A new report finds that in states with competitive races, the votes of recently naturalized citizens-whose numbers are up this year- may have impact.
Image: Immigrants To U.S. Become Citizens During Naturalization Ceremony On Ellis Island
Immigrants become American citizens at a naturalization ceremony on Ellis Island on September 16, 2016 in New York City.John Moore / Getty Images

With recent media reports raising the specter of a closer presidential election between Donald Trump and Hillary Clinton than many experts had previously anticipated, a new report from the University of Southern California’s Dornsife Center for the Study of Immigrant Integration sheds light on an emerging segment of the immigrant population that can have an important impact in competitive states.

“Though it may seem like small numbers, we analyzed the margins of victory in the 2012 elections and found that several key contests were decided by margins of victory that are similar to or smaller than current recently naturalized share of potential voters, including Florida, Virginia, and North Carolina,” said Justin Scoggins, Data Manager and report co-author.

RELATED: Something in the Numbers: Citizen Applications at Highest in Four Years

The report, Rock the (Naturalized) Vote II: The Size and Location of the Recently Naturalized Voting Age Citizen Population, is a follow-up to a similar study conducted by the center in 2012 and can be read on their website.

Citing academic research on voter turnout and the immigrant population, the report says that “immigrant registration and voting rates will be higher in the upcoming election than in 2012”.

Naturalized immigrant Latinos and Asians having higher voter turnout rates than their U.S.-born co-ethnic counterparts.
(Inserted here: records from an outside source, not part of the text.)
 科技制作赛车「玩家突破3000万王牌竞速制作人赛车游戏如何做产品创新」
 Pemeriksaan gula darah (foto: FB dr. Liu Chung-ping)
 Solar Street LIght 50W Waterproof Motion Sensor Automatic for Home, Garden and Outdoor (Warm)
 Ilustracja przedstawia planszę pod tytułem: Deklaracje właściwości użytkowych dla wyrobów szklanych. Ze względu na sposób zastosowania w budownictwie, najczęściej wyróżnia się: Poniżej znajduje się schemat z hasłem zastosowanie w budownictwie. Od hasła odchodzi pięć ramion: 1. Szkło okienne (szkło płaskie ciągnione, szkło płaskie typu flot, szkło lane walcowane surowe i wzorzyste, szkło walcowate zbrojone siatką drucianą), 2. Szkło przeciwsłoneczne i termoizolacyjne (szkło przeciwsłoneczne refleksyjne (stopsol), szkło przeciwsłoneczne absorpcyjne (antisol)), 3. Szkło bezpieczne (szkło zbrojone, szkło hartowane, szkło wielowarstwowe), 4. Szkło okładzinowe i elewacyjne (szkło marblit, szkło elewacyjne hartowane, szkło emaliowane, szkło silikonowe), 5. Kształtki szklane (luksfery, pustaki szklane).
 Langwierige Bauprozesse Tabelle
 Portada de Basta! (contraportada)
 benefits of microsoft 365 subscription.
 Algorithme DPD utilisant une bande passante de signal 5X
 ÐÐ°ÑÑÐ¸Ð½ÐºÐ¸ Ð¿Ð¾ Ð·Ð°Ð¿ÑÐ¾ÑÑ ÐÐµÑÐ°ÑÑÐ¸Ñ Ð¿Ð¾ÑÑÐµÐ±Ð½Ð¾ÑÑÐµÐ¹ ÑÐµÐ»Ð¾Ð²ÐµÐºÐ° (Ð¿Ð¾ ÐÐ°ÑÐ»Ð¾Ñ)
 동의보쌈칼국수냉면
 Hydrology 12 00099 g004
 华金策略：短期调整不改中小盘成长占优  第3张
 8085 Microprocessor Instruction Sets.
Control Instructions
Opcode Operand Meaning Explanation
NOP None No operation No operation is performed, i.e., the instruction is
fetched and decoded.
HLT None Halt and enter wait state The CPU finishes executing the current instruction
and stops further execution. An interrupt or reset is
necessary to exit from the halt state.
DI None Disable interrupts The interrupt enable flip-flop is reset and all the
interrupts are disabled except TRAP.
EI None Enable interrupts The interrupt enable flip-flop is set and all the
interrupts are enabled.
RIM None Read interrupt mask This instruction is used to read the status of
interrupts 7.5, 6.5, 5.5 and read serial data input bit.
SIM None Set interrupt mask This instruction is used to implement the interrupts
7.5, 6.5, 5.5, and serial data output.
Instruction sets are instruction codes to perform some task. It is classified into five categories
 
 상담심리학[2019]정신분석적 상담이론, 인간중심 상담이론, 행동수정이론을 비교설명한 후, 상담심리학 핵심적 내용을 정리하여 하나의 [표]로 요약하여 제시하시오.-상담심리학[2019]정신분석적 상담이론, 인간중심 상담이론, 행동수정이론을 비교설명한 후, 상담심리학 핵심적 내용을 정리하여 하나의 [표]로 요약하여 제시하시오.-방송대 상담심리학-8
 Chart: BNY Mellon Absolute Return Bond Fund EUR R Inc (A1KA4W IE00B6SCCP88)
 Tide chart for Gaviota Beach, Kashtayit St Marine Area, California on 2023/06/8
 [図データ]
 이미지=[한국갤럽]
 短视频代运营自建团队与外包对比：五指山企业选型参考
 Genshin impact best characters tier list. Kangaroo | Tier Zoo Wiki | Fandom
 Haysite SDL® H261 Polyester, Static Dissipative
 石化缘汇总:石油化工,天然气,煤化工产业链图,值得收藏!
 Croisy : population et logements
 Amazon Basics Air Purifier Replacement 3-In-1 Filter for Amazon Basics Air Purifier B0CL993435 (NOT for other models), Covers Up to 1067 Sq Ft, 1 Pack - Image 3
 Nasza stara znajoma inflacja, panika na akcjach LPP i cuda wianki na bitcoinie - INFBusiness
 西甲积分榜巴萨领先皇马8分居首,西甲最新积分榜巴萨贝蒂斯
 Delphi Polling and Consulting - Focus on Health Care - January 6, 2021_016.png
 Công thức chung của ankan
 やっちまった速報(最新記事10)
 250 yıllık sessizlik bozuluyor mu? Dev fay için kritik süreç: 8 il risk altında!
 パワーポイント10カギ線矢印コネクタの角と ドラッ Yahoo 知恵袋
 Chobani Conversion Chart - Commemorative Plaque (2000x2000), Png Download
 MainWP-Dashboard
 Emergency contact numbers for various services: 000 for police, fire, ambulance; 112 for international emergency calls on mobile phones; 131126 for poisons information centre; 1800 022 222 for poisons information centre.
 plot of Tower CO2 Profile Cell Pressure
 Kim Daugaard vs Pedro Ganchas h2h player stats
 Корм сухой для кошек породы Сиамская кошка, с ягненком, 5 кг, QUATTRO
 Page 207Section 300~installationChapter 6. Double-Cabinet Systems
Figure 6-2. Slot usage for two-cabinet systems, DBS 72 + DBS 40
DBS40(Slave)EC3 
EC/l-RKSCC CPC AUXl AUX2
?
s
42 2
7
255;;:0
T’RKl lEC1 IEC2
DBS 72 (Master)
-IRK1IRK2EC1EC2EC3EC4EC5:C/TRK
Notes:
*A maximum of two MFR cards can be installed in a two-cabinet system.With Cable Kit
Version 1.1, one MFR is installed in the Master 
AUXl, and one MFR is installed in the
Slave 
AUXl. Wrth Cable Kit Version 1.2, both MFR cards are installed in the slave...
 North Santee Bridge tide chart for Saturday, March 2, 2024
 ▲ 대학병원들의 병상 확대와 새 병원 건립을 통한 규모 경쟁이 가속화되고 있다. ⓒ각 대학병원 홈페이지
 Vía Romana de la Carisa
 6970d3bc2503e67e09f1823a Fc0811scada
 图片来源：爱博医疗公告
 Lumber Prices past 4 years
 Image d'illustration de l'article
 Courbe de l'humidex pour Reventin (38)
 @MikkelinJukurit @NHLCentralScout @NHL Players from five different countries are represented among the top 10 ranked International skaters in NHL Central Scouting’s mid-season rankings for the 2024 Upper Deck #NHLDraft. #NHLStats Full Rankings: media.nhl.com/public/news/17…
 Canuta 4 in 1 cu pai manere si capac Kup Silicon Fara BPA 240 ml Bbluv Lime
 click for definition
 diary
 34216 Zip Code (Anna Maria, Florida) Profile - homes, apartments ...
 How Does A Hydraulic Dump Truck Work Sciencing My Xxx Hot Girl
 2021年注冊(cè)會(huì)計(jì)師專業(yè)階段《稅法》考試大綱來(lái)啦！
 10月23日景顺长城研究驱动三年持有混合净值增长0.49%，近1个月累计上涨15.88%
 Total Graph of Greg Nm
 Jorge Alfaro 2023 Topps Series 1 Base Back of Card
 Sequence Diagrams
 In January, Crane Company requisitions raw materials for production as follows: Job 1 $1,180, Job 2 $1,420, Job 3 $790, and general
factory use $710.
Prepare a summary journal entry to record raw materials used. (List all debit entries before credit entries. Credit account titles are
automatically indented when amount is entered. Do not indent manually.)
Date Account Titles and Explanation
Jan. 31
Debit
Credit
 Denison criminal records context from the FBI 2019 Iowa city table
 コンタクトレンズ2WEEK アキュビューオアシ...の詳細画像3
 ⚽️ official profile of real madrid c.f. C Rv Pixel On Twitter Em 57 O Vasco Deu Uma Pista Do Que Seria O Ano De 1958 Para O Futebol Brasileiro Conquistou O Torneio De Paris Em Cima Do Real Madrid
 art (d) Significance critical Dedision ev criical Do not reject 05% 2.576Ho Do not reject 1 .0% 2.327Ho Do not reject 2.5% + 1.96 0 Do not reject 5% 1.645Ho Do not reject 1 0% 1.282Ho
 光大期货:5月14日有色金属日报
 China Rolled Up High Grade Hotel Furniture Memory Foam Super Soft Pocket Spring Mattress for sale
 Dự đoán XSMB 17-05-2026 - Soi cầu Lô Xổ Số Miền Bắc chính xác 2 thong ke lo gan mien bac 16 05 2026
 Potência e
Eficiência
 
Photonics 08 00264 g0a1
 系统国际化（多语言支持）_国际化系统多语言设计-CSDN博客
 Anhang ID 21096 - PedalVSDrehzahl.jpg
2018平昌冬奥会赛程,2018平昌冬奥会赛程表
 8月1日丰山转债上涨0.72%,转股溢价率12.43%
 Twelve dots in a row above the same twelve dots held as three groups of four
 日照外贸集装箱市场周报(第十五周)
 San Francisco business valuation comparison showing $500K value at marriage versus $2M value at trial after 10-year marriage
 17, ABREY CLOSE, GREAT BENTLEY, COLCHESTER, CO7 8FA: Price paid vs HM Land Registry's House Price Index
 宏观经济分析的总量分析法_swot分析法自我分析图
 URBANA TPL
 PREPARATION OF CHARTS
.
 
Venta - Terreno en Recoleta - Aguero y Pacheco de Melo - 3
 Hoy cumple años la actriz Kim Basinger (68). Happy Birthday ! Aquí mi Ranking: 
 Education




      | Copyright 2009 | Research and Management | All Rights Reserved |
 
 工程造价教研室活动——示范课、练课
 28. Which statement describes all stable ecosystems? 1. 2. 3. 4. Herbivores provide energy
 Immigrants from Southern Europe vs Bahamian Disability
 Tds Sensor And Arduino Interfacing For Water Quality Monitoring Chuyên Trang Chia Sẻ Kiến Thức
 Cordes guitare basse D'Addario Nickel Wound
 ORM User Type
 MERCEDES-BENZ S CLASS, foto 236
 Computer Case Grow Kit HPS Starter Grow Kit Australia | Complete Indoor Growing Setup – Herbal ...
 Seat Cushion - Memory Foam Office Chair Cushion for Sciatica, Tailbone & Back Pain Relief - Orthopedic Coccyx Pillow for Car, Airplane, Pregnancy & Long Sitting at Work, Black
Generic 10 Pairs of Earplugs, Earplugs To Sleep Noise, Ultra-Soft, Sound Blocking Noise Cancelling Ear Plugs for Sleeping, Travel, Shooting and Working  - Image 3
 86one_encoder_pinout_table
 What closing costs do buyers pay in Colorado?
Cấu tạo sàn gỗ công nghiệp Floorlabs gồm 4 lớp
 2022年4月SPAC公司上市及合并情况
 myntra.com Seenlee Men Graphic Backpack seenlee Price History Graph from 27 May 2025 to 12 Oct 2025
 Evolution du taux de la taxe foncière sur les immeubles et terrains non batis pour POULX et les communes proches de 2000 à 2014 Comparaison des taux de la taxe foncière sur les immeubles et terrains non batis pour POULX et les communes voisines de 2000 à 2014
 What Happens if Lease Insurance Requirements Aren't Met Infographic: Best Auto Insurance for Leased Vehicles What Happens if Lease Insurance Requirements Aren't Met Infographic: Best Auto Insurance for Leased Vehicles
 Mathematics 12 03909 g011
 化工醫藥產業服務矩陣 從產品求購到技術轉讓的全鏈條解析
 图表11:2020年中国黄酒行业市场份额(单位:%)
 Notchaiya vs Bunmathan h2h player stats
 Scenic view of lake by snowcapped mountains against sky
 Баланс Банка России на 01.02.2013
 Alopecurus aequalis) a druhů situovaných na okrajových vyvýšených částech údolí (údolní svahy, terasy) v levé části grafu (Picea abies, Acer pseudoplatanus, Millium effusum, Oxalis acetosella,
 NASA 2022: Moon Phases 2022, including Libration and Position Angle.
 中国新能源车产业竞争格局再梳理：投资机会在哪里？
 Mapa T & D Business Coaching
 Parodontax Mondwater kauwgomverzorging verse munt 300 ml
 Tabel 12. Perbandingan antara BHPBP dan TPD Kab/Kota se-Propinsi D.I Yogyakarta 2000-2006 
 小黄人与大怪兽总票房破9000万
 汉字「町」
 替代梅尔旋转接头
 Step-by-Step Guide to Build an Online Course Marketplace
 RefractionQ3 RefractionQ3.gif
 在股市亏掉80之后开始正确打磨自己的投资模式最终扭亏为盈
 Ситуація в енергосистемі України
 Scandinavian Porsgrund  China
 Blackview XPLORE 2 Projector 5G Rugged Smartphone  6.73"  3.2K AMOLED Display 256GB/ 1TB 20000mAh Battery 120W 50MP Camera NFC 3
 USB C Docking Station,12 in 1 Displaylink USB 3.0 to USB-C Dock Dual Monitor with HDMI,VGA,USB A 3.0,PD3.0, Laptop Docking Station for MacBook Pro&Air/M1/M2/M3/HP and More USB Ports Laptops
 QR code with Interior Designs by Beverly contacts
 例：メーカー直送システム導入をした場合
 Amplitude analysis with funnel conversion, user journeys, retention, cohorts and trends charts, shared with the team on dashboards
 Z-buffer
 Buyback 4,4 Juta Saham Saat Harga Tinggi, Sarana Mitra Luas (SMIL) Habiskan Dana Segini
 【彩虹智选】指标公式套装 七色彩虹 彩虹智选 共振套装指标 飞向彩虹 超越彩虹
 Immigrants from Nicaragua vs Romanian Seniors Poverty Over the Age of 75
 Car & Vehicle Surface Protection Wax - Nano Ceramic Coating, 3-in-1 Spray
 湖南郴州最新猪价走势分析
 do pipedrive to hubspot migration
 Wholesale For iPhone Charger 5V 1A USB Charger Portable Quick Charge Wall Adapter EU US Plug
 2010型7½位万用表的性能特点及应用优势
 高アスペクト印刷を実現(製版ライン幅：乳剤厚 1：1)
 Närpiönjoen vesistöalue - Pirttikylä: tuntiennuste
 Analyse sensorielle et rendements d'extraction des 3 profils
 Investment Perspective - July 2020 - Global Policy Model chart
Naturalization rates are up 21 percent in the first two quarters of 2016, so the report comes at a timely moment.

"It is important for policymakers and political figures to recognize the importance of the immigrant vote in order to realize a more civil, balanced, and solutions-oriented conversation about immigration policy." said one of the report's co-author, CSII Director and USC professor Dr. Manuel Pastor.

The report points to a new map interface developed by the center that can be used to locate concentrations of naturalized citizens. With the margins of victory in some states being close to or exceeded by the naturalized immigrant population, tools designed to locate naturalized citizens as an important contribution to political campaigns and organizations.

"As we approach many voter registration deadlines these next few weeks, CSII released this data to show where these potential new voters could have impact at a pretty detailed level of geography," said Magaly N. López, Data Analyst and co-author.